Composition dependent miscibility in the crystalline state of polyamide 6/polyamide 4,10 blends: From single to double crystalline blends

We studied the composition-dependent miscibility of polyamide 6 and biobased polyamide 4,10 (PA6/PA410) blends, as triggered by crystallization driven phase segregation. The blends were prepared by extrusion in a wide composition range and characterized by X-ray diffraction (both in-situ and ex-situ SAXS/WAXS), Differential Scanning Calorimetry (DSC), and Polarized Light Optical Microscopy (PLOM) during non-isothermal crystallization. The blends were miscible in the amorphous state, as demonstrated by a single T-g that follows the Fox equation as a function of composition. The blends were also considered to be miscible in the melt, as no evidence of phase segregation was found by SAXS or phase contrast microscopy in the melt. Remarkably, the blends can also be miscible in the crystalline state in a limited composition range. When only 10 or 20% PA6 was present in the blends, co-crystallization was evidenced by DSC and WAXS and the blends exhibited a single PA410 rich crystalline phase. On the other hand, as 30% or more PA6 was added to PA410, crystallization driven phase segregation occurred and progressively increased with PA6 content in the blends.
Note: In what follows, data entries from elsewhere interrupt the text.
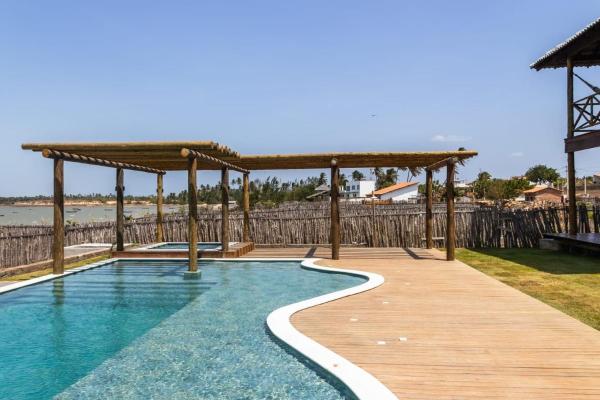Na foto é possível ver o objeto Vila Insular - Beira-mar - 3 casas p/ até 36 localizado na cidade de Cajueiro.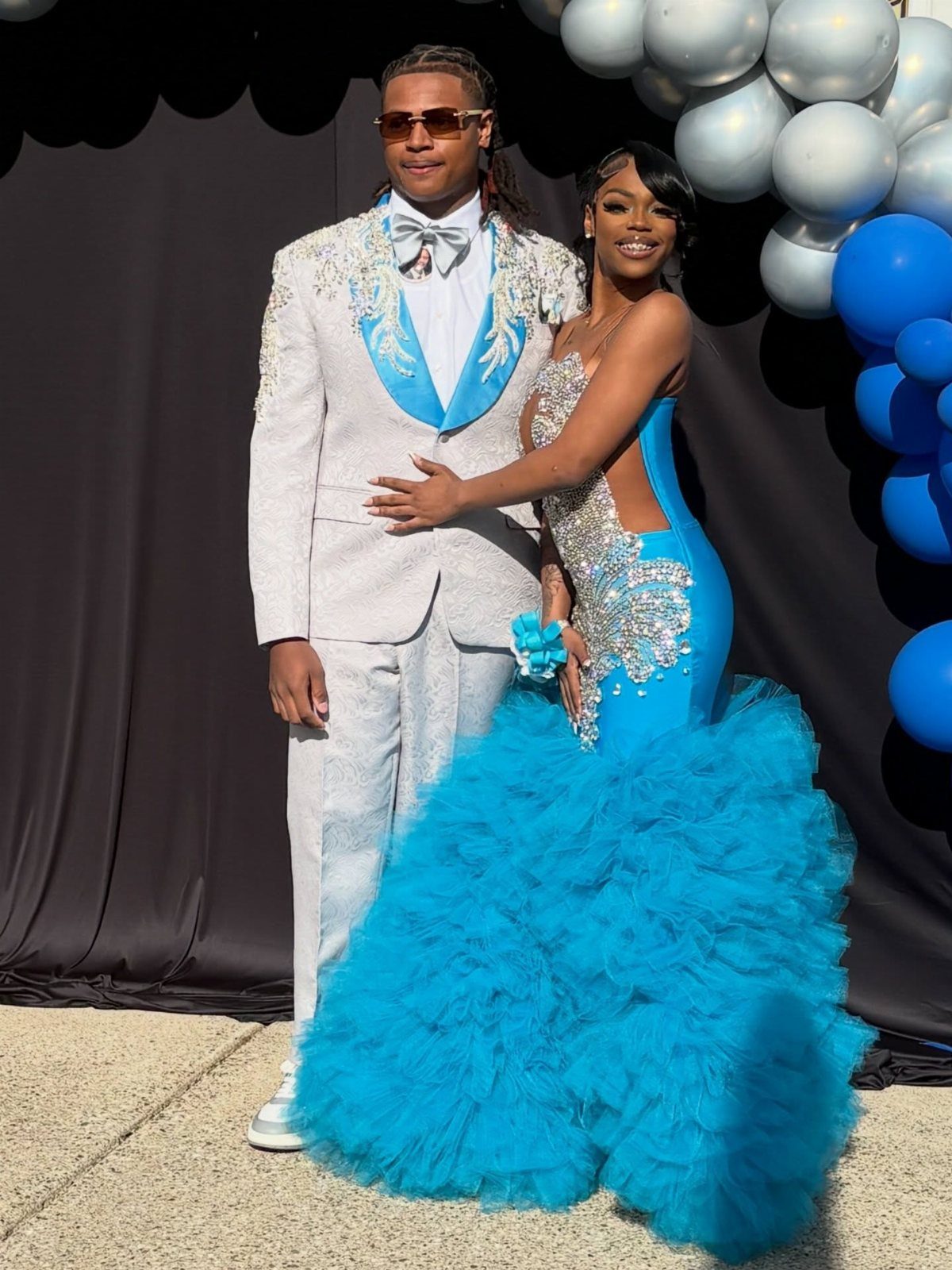 A man in a white and blue suit and a woman in a blue gown posing together.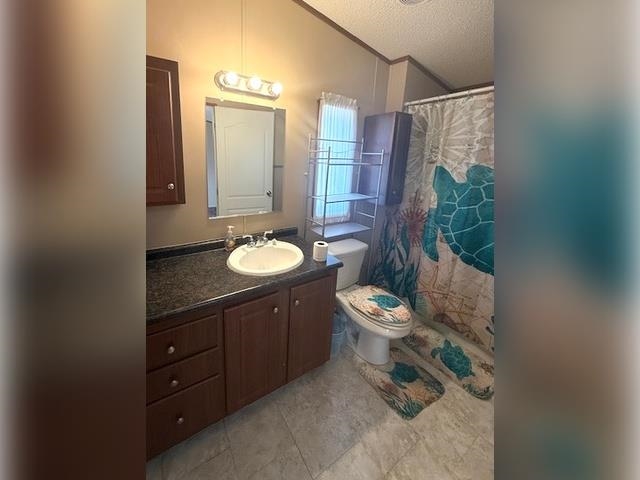 3251 E Road, Unit 11 Clifton, CO 81520 - Photo 12 of 15 a bathroom with a granite countertop sink toilet and shower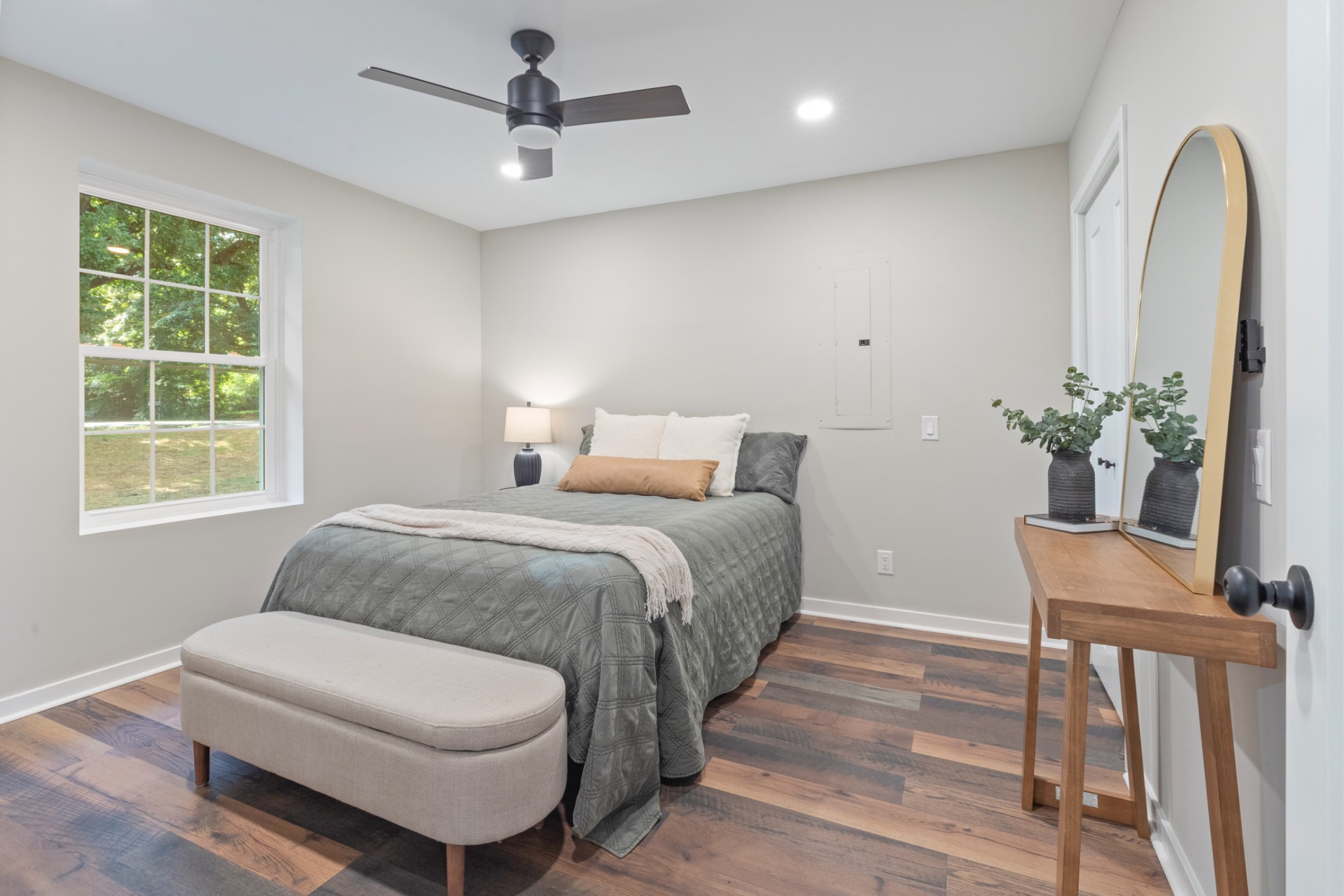 100 Short Street Dickson, TN 37055 - Photo 22 of 33 a bedroom with a large bed and a potted plant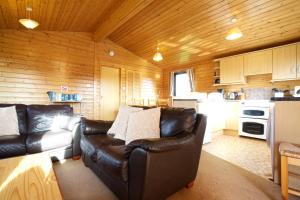 a living room with a leather couch and a kitchen at Concraig Lodge in Crieff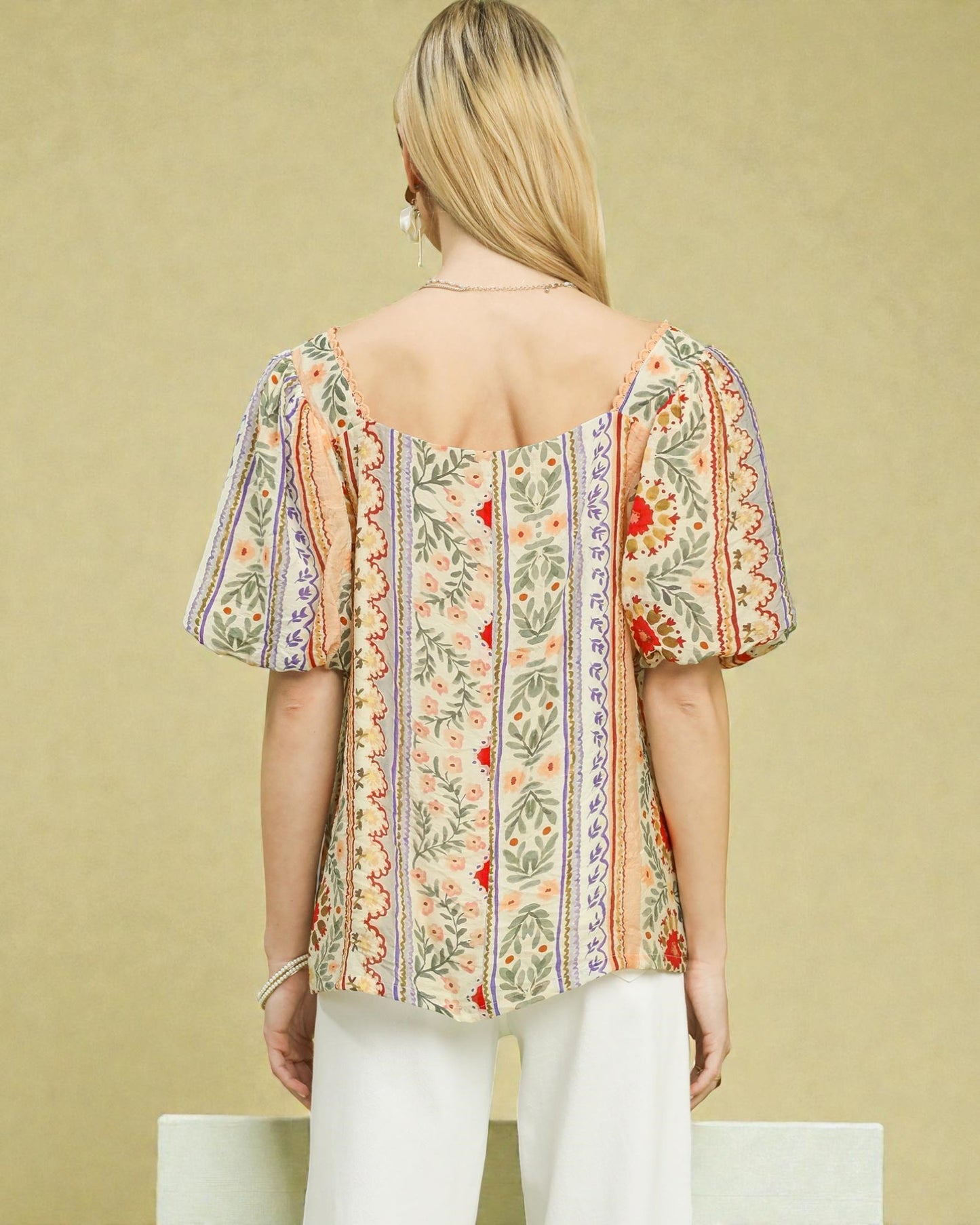 Woman wearing a floral blouse with puff sleeves against a beige background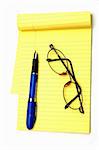 A yellow notepad glasses and a pen isolated against a white background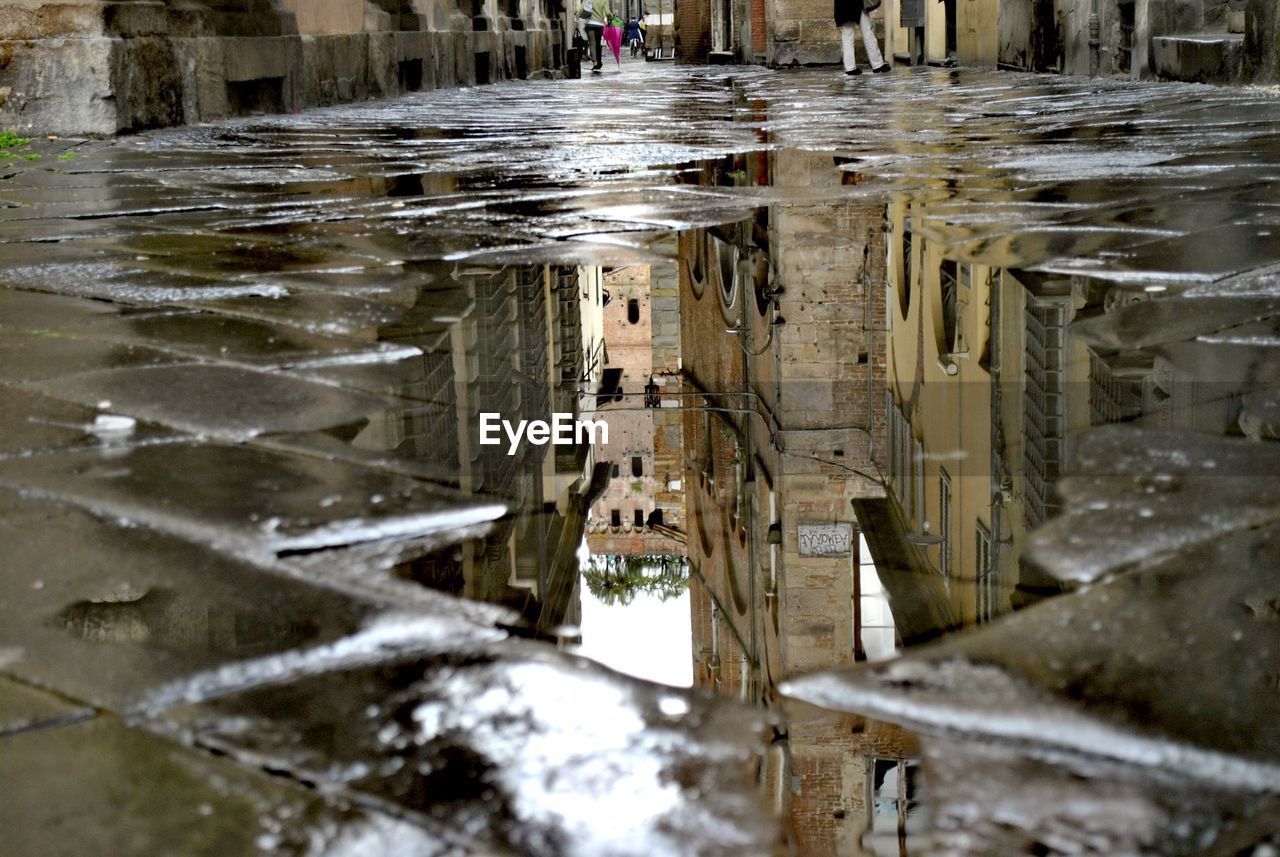 Reflection of buildings in puddle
Hence double crystalline blends are formed with both PA6 rich and PA410 rich crystalline phases. Clear evidence of the presence of either one or two crystalline phases was obtained by temperature-dependent measurements employing DSC, PLOM, WAXS and SAXS. Both the single and double crystalline PA6/PA410 blends exhibited good mechanical properties in view of the excellent compatibility displayed by the blends. The mechanical properties were in line with those exhibited by miscible blends following a simple rule of mixtures.

Automated summary

The study focused on the composition-dependent miscibility of polyamide 6 and biobased polyamide 4,10 blends, showing compatibility in the amorphous and melt states, as well as in a limited composition range in the crystalline state. The blends exhibited single or double crystalline phases based on the PA6 content, both displaying good mechanical properties due to excellent compatibility. Temperature-dependent measurements confirmed the presence of unique crystalline phases in the blends.